Did You Know Audrey Hepburn Was Part Of The Resistance To Fight The Nazis?!

In a new book, it’s revealed that Audrey Hepburn, who was heartbroken by the execution of her uncle by the Nazis, secretly worked for the Resistance in World War II to defeat them. 

Dutch Girl: Audrey Hepburn and World War II shows Audrey as a preteen ballerina in England when the war broke out in 1939. Her mother, a baroness, took her home to Holland hoping the Netherlands would stay neutral. But the country was soon occupied by the Third Reich. Then came the dramatic execution of her uncle, Count Otto van Limburg Stirum. 

The book’s author, Robert Matzen, discovered a 188-page diary Otto wrote during the four months he was imprisoned before his death. Audrey’s younger son, Luca, wrote the forward: 

“When my mother talked about herself and what life taught her, Hollywood was the missing guest,” he wrote. “Instead of naming famed Beverly Hills locations, she gave us obscure and sometimes unpronounceable Dutch ones.
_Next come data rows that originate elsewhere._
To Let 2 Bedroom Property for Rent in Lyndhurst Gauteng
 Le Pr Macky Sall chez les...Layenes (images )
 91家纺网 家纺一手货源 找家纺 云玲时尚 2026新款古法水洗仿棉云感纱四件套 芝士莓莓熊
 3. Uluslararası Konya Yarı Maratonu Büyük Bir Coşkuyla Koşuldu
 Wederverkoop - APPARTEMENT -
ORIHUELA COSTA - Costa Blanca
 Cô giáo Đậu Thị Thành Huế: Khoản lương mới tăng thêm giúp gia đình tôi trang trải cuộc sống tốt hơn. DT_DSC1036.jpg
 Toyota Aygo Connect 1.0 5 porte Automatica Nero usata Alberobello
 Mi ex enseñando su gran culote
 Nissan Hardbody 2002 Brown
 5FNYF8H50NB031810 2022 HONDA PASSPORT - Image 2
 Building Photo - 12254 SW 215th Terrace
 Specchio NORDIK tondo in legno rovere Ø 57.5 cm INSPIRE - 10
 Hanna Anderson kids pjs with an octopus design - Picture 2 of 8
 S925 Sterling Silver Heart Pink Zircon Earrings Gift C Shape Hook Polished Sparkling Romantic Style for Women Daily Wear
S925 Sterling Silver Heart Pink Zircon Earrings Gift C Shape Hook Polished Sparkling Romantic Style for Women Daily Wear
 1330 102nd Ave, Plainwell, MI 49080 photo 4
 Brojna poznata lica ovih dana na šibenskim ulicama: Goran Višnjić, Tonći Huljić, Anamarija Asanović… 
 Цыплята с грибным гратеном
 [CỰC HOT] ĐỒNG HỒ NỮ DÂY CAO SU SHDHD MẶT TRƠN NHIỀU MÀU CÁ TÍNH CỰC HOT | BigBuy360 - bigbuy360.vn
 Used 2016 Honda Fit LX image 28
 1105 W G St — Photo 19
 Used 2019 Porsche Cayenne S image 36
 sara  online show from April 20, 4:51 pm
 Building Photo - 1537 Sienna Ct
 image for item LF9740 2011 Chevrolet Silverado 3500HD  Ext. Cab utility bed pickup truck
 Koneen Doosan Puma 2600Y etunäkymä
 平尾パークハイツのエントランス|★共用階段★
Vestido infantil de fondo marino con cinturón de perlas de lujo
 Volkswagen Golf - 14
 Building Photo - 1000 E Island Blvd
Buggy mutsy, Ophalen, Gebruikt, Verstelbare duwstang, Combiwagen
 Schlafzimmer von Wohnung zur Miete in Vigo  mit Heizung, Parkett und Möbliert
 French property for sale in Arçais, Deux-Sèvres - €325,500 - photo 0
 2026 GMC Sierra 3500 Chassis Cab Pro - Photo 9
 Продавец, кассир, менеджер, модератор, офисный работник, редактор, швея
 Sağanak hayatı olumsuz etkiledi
Red-carpet recollections were replaced by Second World War episodes that she was able to transform into children’s tales.”

Robert says the book might solve hidden mysteries about the star’s life: “I now understand why the words Good and Evil, and Love and Mercy were so fundamental in her own narrative. Why she was open about certain facts and why she kept so many others in a secluded area of her being.”